Beethoven cover FINAL VERSION

The Strad Issue: June 2019 
Description: Cellist brings a marvellous spontaneity to Beethoven’s sonatas
Musicians: Leonard Elschenbroich (cello) Alexei Grynyuk (piano)
Works: BEETHOVEN Cello Sonatas nos.1–5; Horn Sonata op.17 (arr. for cello)
Catalogue Number: ONYX 4196 (2CDs)

Not unreasonably with a modern Steinway for company, Leonard Elschenbroich pitches the sound of his Beethoven in the early Romantic era, around the time of Schubert’s Arpeggione Sonata.

Portamento and rubato are his friends, warming and stretching Beethoven’s often-experimental writing for the cello while catching the spontaneity and craziness of the two early sonatas.
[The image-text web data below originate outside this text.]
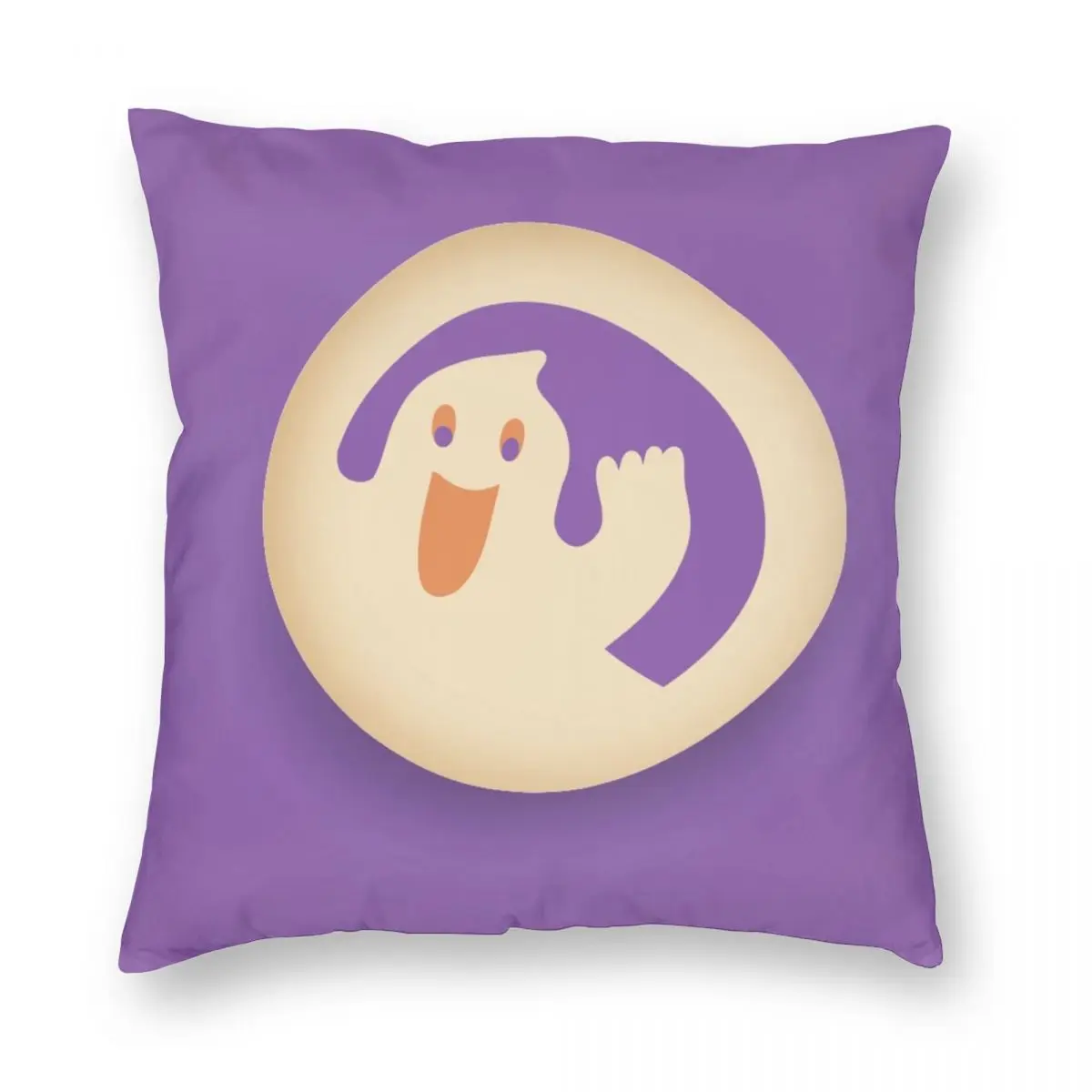 

Ghost Sugar Cookie Square Pillowcase Polyester Linen Velvet Creative Zip Decor Pillow Case Home Cushion Cover 18"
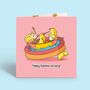 Banana Anniversary Card | Cute Greeting Cards, thumbnail 1 of 5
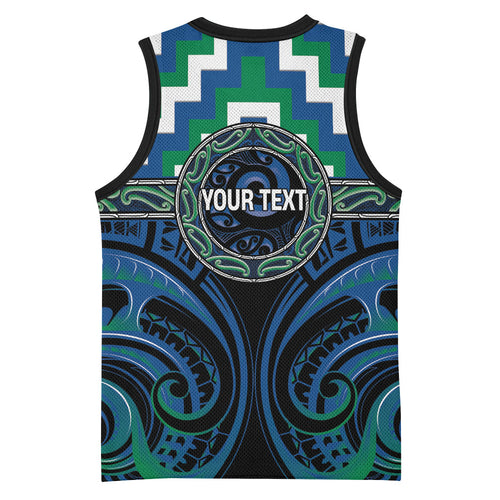 Aotearoa Ngati Ranginui Personalised Basketball Jersey Maori Iwi Poutama Puhoro Tattoo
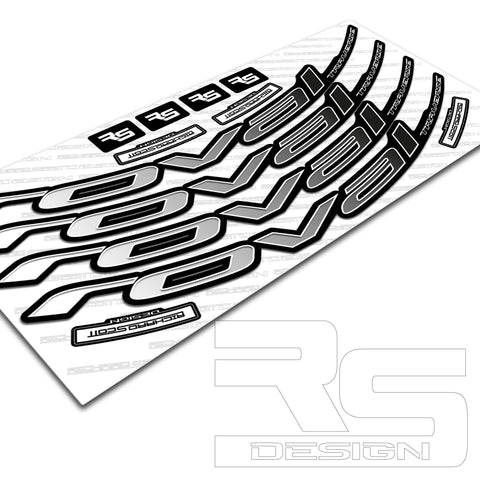 2019 ROVAL TRAVERSE WHEEL RIM DECAL KIT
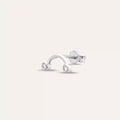 Bow Diamond White Gold Mini Single Earring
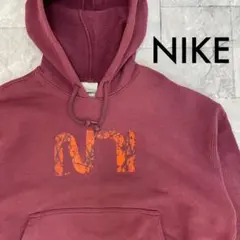 NIKE スウェット パーカー プルオーバー Y2K 00s ビッグロゴ L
He’s even more at home in the mid-period masterpiece that is op.69, never sounding more like a gregarious neighbour to the ‘Emperor’ Concerto than here.

The last two sonatas are pitched much lower in the instrument, and Elschenbroich occasionally struggles (he’s hardly alone) to match the boisterous humour of the piano however sympathetic the recorded balance. However, he brings to op.102 no.2 a fierce, questing intelligence that stands up to distinguished colleagues past and present.
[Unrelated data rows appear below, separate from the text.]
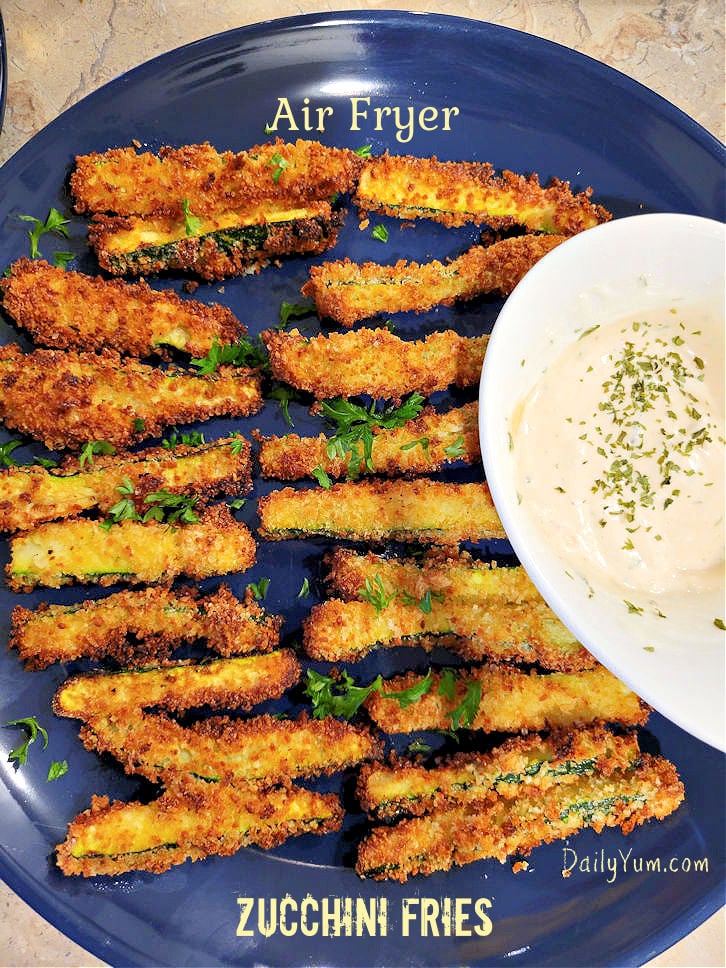 Air Fryer Crispy Zucchini Fries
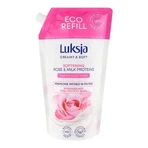 Luksja Creamy &amp; Soft, розгладжуюче рідке мило, «Троянда та молочні протеїни», заправка, 900 мл: ціни та характеристики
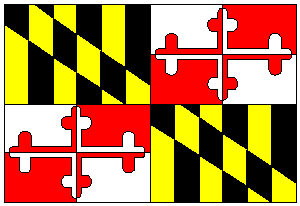 RU Flag State of Maryland Flag 2 X 3 ft. Junior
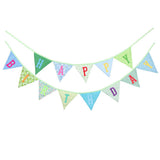 Max Happy Birthday Bunting Banner Pennant Hanging Garland Photo Prop Red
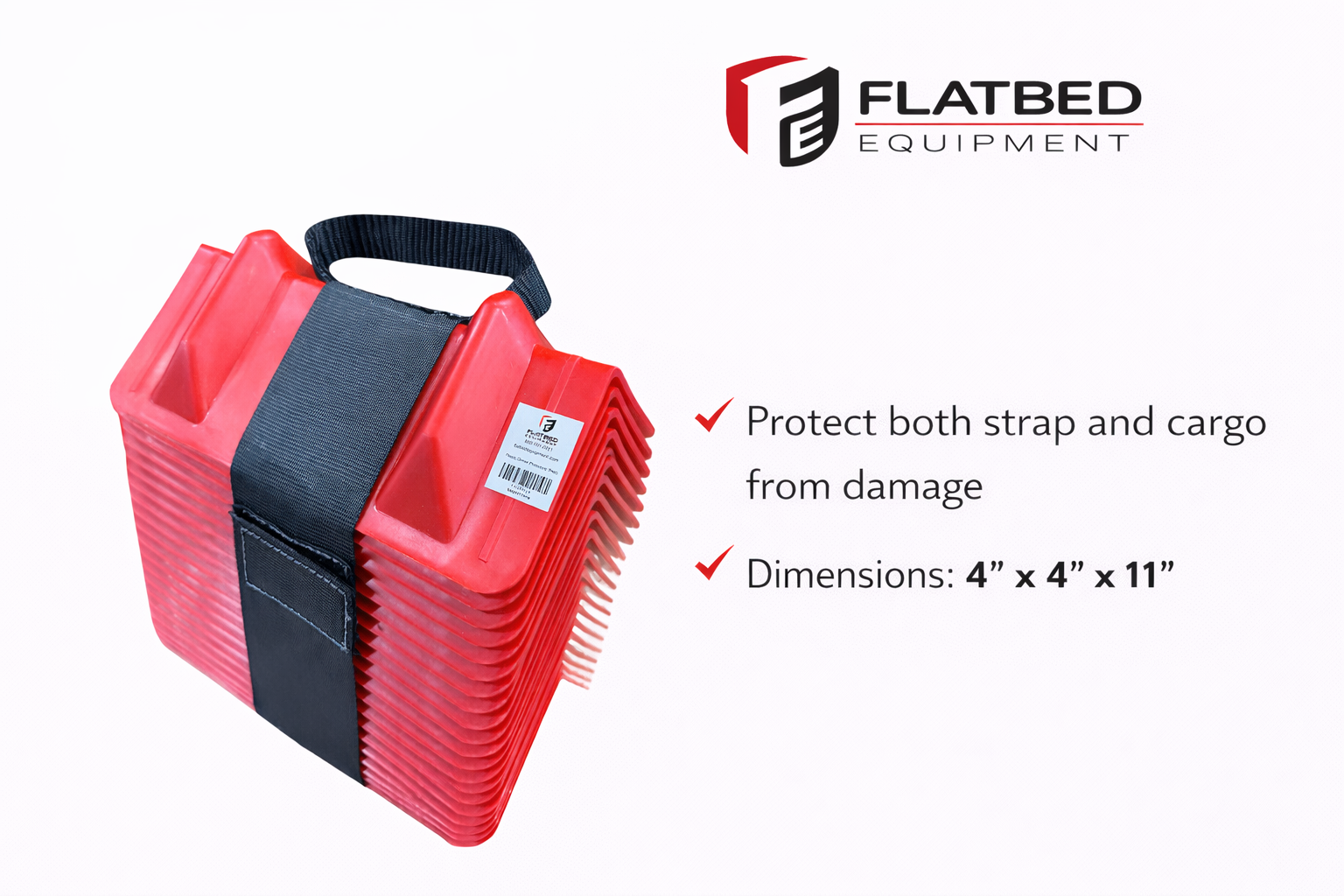 Plastic Corner Protectors (Red, 4’’ 20-pack)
At least until the grave hymn at the heart of his last sonata for the instrument, Beethoven was apparently so averse to writing slow music for solo cello that performers and listeners must cherish what they have, in the epigrammatic introductions to the early sonatas, and elsewhere fall into the slipstream of his boisterous rondos; I very much enjoy how Elschenbroich and Grynyuk never hurry Beethoven along but meet him on his own terms.

Their bonus is welcome and imaginative: not the usual variation sets but the composer’s own arrangement of the early Horn Sonata.